Sadece inkâr ve asimilasyon değil, tahkir de vardı.
Mesela, Kılıçdaroğlu'nun birkaç yıl önce
adına park açtığı Mahmut Esat Bozkurt, “Türk soyundan
olmayanların bu memlekette tek hakları vardır; hizmetçi olma hakkı,
köle olma hakkı…”demişti.
Hülasa…
Allah'ın yarattığı bir kavmin çocukları, “soyum sopum uludur”
diyerek kendisini üstün gören başka bir kavmin azgın temsilcileri
tarafından inkâr ediliyor, dilleri yasak ediliyordu.
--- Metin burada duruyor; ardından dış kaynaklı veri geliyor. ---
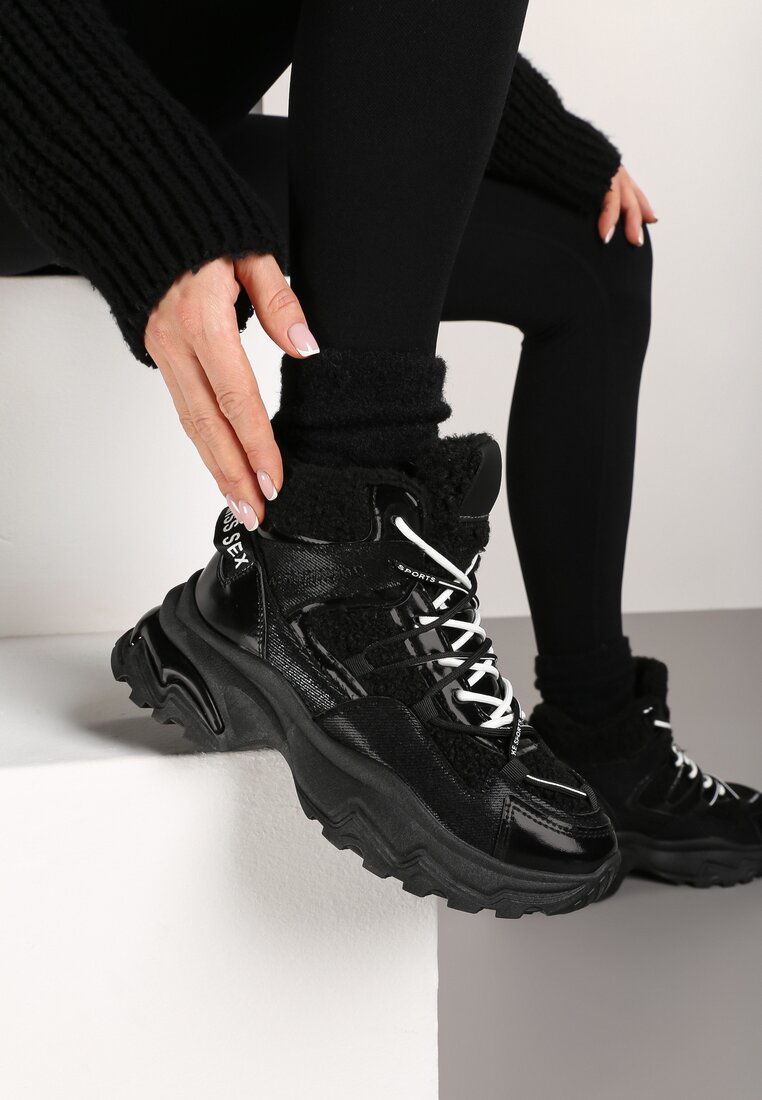 Czarne Sneakersy na Grubej Podeszwie z Metaliczną Wstawką i Napisami Atterella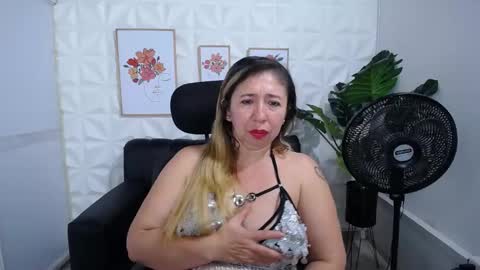 Valentina  online show from 02/27/25, 10:15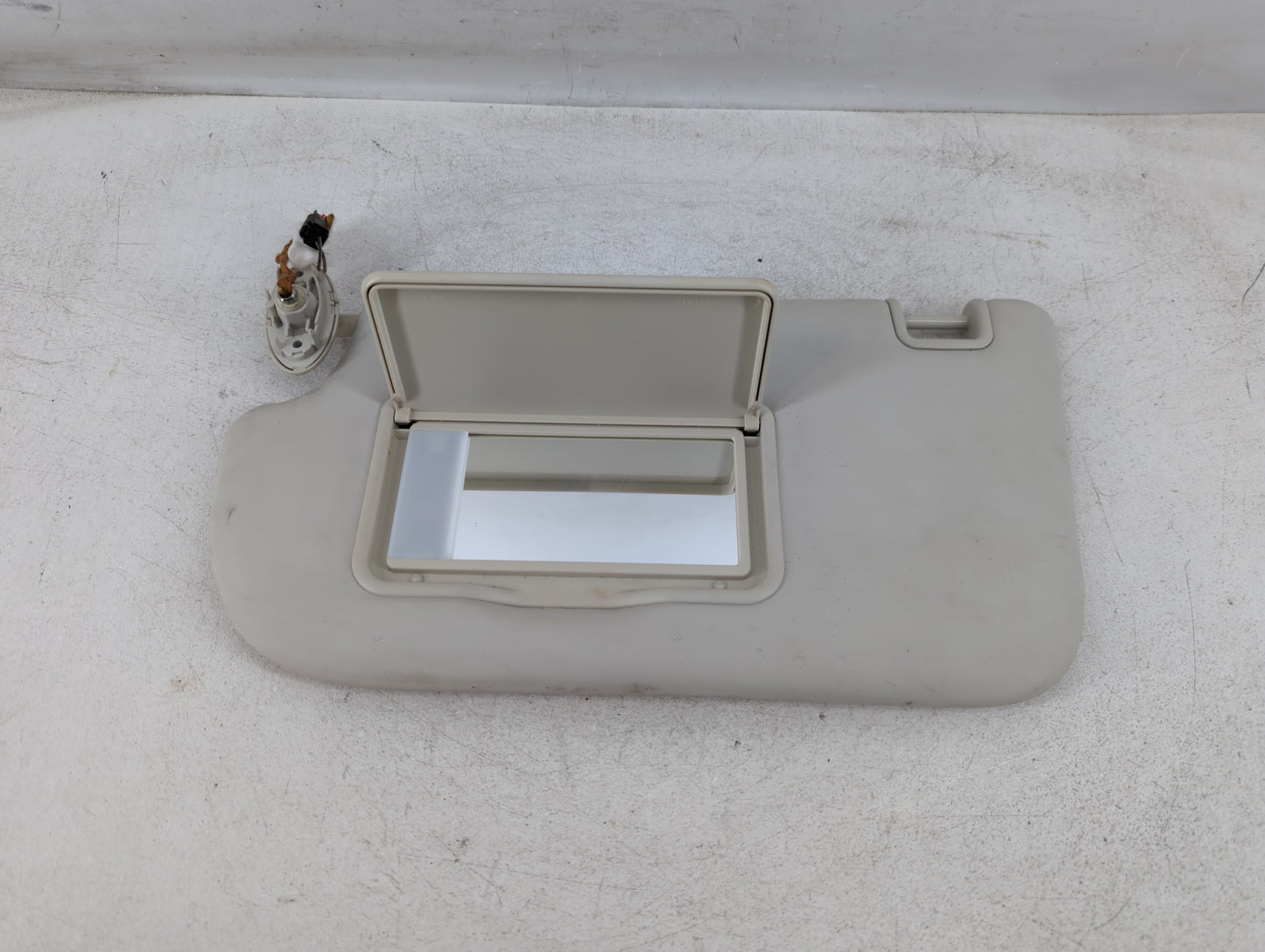 2013-2018 Ford Focus Sun Visor Shade Replacement Driver Left Mirror Fits Fits 2013 2014 2015 2016 2017 2018 OEM Used Auto Pa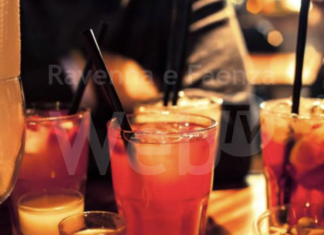 Movida a Milano Marittima, un locale vende alcolici a due minorenni: scatta la sanzione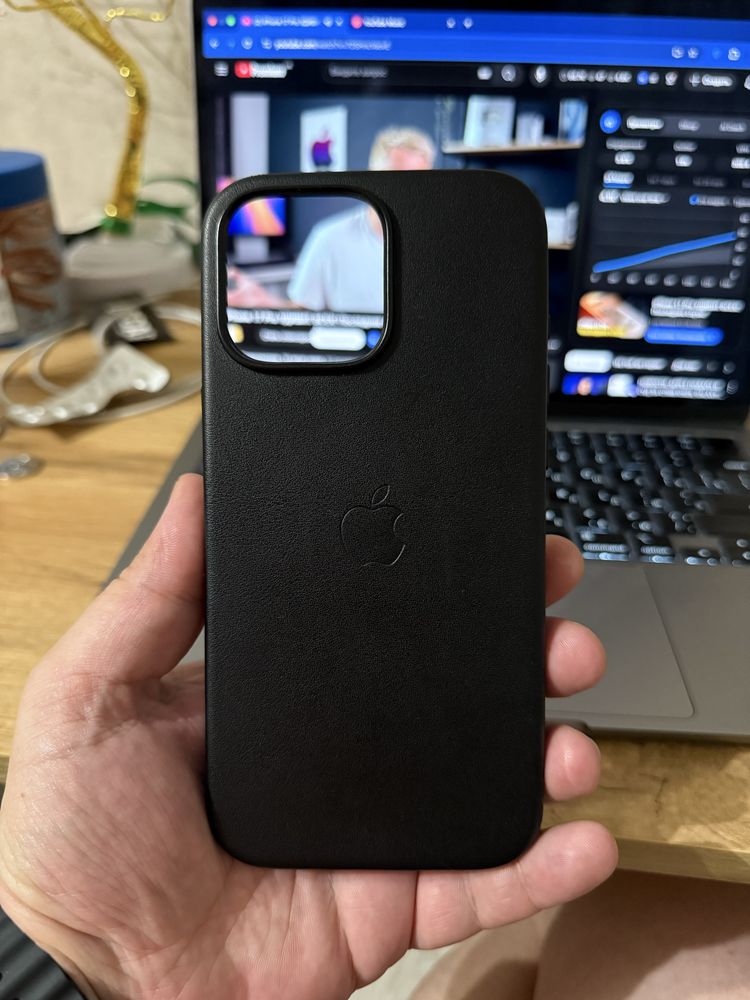 Кожаный чехол на Айфон 16 про макс iPhone 16 Pro Max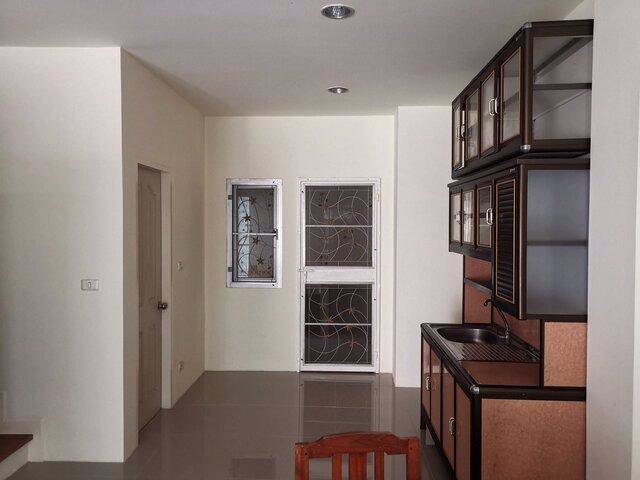 hr-3466-ให้เช่าทาวน์เฮาส์-3-ชั้น-หมู่บ้านกลางเมือง-ศรีนครินทร์-24-ใก้ลจากairport-link-หัวหมาก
Ve, her darbe herkesten önce / herkesten çok Kürtleri eziyordu.
1960 darbesinin ardından “Sivas Kampı” gibi
toplama kamplarına maruz bırakıldılar, 12 Eylül darbesinin ardından
“Diyarbakır Cezaevi”nde akıl almaz işkencelerden
geçirildiler.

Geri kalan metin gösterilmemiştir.